The cubs were born to Meng Meng (female) and Jiao Ching (male), two pandas that were loaned by China to Germany. After the first cub was born, the mother placed it on her belly and warmed the baby. The second cub was born within an hour. Since pandas usually only raise one of the cubs when twins are born, authorities at the zoo are hiring experts to help Meng Meng raise the newborn pandas.
Under the agreement between China and Germany, any cubs born to Meng Meng have to be returned to China once they grow up and no longer need their mother. Since it will take a few years for the cubs to mature, the baby pandas will remain at the Berlin Zoo for now. The newborns weighed 4.8 ounces and 6.5 ounces at birth. Their gender is not yet known.
After the cubs were born, readers of the newspaper Tagesspiegel suggested that they be named “Hong” and “Kong” as a sign of solidarity with the pro-democracy protesters of Hong Kong. “The political symbolism is there, and it’s clear that the government and also the leadership of the Berlin Zoo would not allow it… The last thing they would accept in Beijing, when the pandas are eventually brought back… are the names Hong and Kong,” Prof. Eberhard Sandschneider, who studies Chinese politics at the Free University in Berlin, said to The New York Times.
The pandas have been at the Berlin Zoo since 2017. The zoo management has reportedly been paying US$1 million per year to China for housing the pandas under the agreement. Pandas are notorious for their “lazy” mating behavior, which is one of the reasons why the species has been put on the endangered list. Less than 2,000 adult pandas exist in their natural habitat.
China is known to engage in “Panda Diplomacy” where Beijing gifts these creatures to other countries as a means to strengthen the relationship between both nations. However, China just loans the pandas. It does not give full ownership of the pandas to the receiving country. If Beijing believes that the nation to which it has loaned a panda has engaged in acts contrary to their interests, it will cancel the agreement and take back the creature.
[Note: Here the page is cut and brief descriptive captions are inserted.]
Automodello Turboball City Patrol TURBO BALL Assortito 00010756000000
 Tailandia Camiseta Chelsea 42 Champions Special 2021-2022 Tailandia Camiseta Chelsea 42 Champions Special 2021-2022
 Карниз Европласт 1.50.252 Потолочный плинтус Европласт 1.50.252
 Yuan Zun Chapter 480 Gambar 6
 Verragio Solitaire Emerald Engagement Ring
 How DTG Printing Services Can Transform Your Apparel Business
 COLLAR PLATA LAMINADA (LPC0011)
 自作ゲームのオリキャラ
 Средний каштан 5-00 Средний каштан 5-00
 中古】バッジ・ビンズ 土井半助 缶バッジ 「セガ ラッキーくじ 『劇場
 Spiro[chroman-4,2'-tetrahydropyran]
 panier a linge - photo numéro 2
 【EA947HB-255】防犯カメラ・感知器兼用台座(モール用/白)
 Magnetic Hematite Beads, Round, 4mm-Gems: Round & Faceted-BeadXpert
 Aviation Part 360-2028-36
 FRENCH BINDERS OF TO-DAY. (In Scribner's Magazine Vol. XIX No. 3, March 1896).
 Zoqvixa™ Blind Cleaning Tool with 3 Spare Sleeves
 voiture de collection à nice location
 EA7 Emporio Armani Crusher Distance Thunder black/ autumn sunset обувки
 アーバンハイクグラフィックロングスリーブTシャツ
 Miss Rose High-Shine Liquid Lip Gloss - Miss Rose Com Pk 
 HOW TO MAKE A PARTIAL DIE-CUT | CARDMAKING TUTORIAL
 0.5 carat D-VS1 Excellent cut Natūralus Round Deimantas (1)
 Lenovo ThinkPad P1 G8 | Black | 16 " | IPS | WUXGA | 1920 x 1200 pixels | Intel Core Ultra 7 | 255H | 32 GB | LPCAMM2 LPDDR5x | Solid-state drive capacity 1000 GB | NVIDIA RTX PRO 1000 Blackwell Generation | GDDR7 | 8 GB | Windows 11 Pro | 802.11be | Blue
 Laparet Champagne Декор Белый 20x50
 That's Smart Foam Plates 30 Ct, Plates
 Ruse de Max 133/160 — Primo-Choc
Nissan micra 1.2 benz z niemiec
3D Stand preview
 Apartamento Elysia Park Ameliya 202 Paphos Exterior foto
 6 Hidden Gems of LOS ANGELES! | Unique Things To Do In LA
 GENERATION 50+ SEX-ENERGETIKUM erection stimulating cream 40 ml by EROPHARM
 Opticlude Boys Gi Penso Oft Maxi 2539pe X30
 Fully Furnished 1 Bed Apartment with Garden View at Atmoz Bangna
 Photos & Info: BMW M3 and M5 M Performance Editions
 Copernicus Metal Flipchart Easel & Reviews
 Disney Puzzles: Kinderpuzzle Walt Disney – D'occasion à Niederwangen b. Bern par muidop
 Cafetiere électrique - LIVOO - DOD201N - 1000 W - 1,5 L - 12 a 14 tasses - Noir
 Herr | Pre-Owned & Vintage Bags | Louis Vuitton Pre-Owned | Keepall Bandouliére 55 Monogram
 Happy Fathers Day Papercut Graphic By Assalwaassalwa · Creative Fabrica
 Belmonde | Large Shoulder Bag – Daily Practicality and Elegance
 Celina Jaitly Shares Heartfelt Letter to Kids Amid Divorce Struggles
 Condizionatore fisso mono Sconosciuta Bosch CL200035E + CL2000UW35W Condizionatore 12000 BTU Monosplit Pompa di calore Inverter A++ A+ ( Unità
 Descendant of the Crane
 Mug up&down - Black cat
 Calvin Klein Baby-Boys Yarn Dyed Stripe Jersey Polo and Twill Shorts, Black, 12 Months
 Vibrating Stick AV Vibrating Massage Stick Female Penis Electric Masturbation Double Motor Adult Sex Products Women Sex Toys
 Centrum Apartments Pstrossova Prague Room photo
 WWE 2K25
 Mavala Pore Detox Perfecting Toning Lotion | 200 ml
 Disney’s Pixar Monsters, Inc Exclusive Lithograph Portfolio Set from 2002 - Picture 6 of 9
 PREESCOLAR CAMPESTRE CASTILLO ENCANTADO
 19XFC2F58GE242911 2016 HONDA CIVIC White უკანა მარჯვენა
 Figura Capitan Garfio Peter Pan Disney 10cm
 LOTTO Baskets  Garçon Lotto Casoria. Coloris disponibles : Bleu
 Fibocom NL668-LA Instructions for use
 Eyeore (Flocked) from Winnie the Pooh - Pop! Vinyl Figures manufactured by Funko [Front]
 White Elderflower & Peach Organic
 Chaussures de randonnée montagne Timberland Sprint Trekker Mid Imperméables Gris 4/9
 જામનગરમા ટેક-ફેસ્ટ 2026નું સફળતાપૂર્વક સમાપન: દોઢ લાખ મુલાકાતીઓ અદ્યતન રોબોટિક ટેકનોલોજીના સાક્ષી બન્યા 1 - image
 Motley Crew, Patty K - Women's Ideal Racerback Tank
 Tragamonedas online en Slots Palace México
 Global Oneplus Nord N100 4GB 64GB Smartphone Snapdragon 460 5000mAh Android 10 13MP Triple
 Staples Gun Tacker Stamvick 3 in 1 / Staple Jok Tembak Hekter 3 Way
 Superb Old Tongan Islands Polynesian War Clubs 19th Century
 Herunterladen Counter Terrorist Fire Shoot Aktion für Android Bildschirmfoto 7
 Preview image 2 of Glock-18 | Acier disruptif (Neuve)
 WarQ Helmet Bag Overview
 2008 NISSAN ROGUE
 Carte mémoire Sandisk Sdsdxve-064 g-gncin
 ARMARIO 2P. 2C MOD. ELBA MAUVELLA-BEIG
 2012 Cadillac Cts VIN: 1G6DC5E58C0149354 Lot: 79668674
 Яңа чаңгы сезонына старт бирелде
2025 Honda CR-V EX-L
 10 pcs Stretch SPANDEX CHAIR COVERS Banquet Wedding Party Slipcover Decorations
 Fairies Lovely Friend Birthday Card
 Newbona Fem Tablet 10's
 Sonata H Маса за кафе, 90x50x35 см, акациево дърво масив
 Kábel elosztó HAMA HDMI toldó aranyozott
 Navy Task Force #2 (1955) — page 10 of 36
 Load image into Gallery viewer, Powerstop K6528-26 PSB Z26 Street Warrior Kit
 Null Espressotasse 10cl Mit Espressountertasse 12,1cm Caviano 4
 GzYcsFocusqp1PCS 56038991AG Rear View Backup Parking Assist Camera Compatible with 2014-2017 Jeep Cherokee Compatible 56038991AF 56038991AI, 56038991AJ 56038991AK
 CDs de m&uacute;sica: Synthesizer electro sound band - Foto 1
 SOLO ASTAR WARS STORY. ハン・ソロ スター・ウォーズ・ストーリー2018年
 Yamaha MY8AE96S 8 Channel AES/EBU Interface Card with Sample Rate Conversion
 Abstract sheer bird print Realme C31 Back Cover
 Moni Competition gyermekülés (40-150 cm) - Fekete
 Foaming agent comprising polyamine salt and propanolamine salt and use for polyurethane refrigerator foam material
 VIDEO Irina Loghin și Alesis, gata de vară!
In 2010, China repatriated a panda named “Tai Shan” from America’s National Zoo after President Barack Obama did something that angered Beijing. “Only a few days before Tai Shan was taken to China, the Chinese government had warned President Obama not to meet with the Dalai Lama on a diplomatic visit — and threatened that it would strain U.S.-China relations if he did. The meeting happened anyway,” according to Bidd.
In 2012, China signed a deal with Malaysia to loan a pair of Pandas starting in April 2014. However, Beijing withheld the transfer of Pandas when the time came as it was displeased with the Malaysian government’s handling of the missing MH 370 aircraft. Beijing eventually released the two pandas a month later. Last month, the pair gave birth to its second cub, “Yi Yi.”